At first I thought it was cool, but there were too many optimizations I
wanted to make. And the error messages from the compiler got confusing.
> > The values stored in the arrays can be the following:
> > 64-bit int [...]
>
> what is the sense of the wider audience about whether we should pick
> the native "long" (32 or 64 bits) or a fixed 64-bit data type, for
> all numeric values? (Like dtrace, I'd like to pick just one.)
>
My preference is to do 64-bit so we don't have to worry about values
wrapping or portability.
> > There will be functions to lookup a value, change a value, clear an
> > array, print an array, and walk an array.
>
> We'd also want a "delete array entry" operation.
I think clearing = deleting.
I'm considering an implementation that would support an argument so it
can truncate (remove all but the most recent 'n' entries).

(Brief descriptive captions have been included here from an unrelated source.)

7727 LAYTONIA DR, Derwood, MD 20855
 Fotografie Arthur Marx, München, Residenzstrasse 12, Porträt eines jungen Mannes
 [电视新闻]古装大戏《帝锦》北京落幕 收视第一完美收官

Or maybe just
define a maximum number of entries in an array and old entries get
tossed automatically.
> We would not want one runaway systemtap
> probe function to be able to use up all the emergency atomic memory.
> I believe a non-atomic heap allocation done at module_init time, or
> even a static one done within the emitted C function, even if covering
> several megabytes, would be okay.
Yes that would work, at the cost of having a fixed limit on memory
available, and the need to write our own dynamic allocation code to
track the memory used within the giant heap allocation.